Title: AI for Disaster Management
Presenters:
Dr. Rakesh Chandra Balabantaray
Asso. Prof and Dean(Academics), IIIT Bhubaneswar
Dr. Nayan Ranjan Paul
Asst. Professor, Silicon University, Bhubaneswar
Dr. Asutosh Bhoi
Asst. Professor, GITAM University, Visakhapatnam
Overview of Humanitarian Categorization in Disaster Response:
Participants are introduced to the task of classifying disaster-related social media posts into actionable categories such as injured people, infrastructure damage, rescue efforts, and missing individuals. The session highlights the real-world importance of multimodal analysis (tweets + images) for faster decision-making and better allocation of resources during emergencies.
Challenges in Classification:
The discussion covers key issues such as label ambiguity, noise in social media data, semantically unrelated images, and category overlaps that make classification difficult.
Illustrative Real-World Examples:
Several tweet–image pairs from real disaster datasets (e.g., CrisisMMD) are shown to highlight the complexity of multimodal classification. Participants learn to visually and textually interpret the examples to understand their humanitarian relevance.

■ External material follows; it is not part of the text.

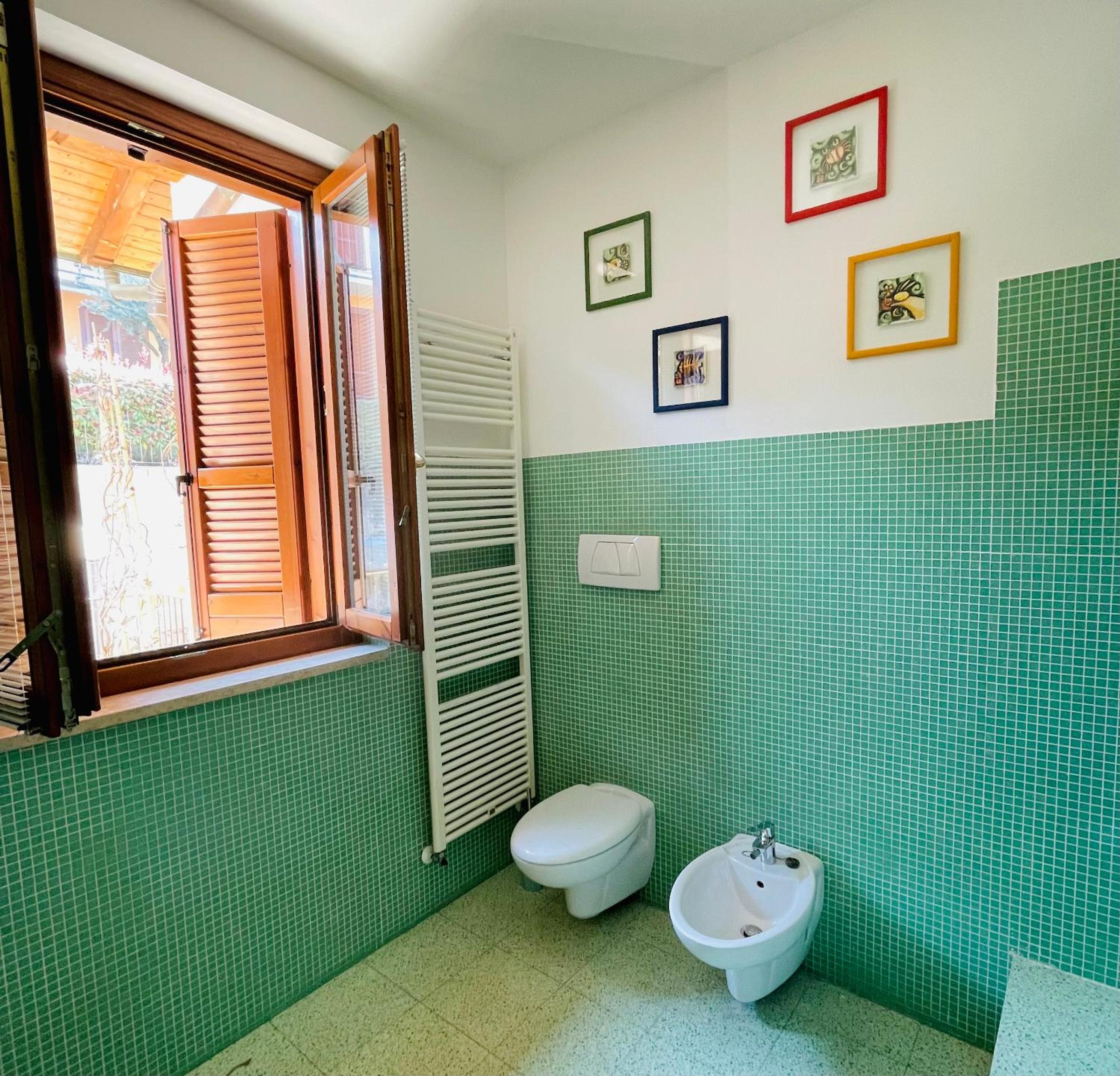XIO HOME view 4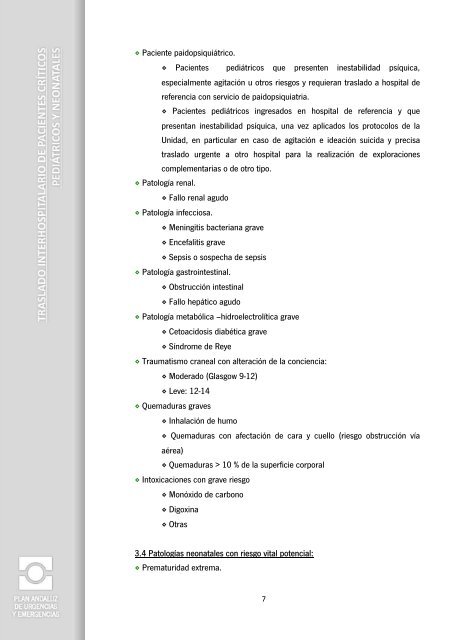 TRANSPORTE_INTERHOSPITALARIO_PEDIATRICOS_NEONATALES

Python & Environment Setup:
A brief walkthrough to help participants set up the Python programming environment using Google Colab, including the installation of key libraries such as Hugging Face Transformers, Torch, OpenCV, and the import of relevant pretrained models and datasets (e.g., CrisisMMD).
Preprocessing Disaster-Related Text Data:
This segment begins with a focus on the preprocessing of tweet text. Participants will learn how to remove noise such as URLs, hashtags, emojis, and user mentions. The session then introduces basic text normalization steps like lowercasing and punctuation handling, followed by tokenization. Participants will also learn how to generate meaningful vector representations of the cleaned text using pretrained transformer-based models like BERT, which capture contextual and semantic nuances necessary for disaster-related classification.
Image Preprocessing and Feature Extraction:
In this segment, participants will work with the image modality. They will learn how to resize, normalize, and standardize input disaster-related images. Using pretrained CNN models such as ResNet, the session will walk through how to extract high-level features from images, which are then prepared for downstream multimodal modeling. The discussion will include how image features can complement textual signals, especially in categories like “vehicle damage” or “infrastructure collapse.”
Live Hands-On Coding in Google Colab:
The final segment will be a short walkthrough of the provided Colab notebook where participants will execute preprocessing code, generate embeddings, extract features, and build aligned inputs for future sessions.
Session 3: Building Multimodal Classification Models for Humanitarian Categorization (15 minutes)
Understanding Fusion-Based Modelling Strategies:
This session begins with a conceptual overview of how textual and visual information can be combined for effective classification. Participants will learn about three widely used fusion strategies:
Early Fusion, where BERT and ResNet features are concatenated at the embedding level before being passed to a classifier.
Late Fusion, where text and image models operate independently and their predictions are merged at the decision layer.
Hybrid Fusion, which combines intermediate features with multiple levels of interaction.
By the end of this segment, attendees will understand how fusion design impacts model performance, especially in the context of noisy or imbalanced modalities during disasters.
Real-World Implementation with BERT and ResNet:
In this hands-on portion, participants will construct a multimodal model using pretrained BERT for processing tweet text and ResNet for image feature extraction. The two representations will be fused and passed through dense layers to predict one of eight humanitarian categories. Participants will train and evaluate the model on a labeled CrisisMMD subset, using precision, recall, and F1-score as evaluation metrics. The exercise highlights model construction, training loop management, and evaluation strategy in a disaster-response context.
Manual Annotation with Doccano:
This session begins with a live demonstration of Doccano/Label Studio, an open-source annotation tool. Participants will learn how to use it to manually annotate tweet and image with humanitarian labels such as infrastructure damage, injured individuals, or rescue efforts. The demo will guide attendees through uploading a dataset, configuring a multi-label annotation interface, and tagging both textual and visual inputs. This segment emphasizes the importance of high-quality labeled data for training robust multimodal classifiers.
Research Opportunities:
Brief overview of ongoing research in multimodal humanitarian AI, including challenges like multilingual scalability, cross-modal alignment, and lightweight deployment.
Participant Feedback:
Participants share takeaways, raise final questions, and discuss how they plan to use these techniques in their own projects.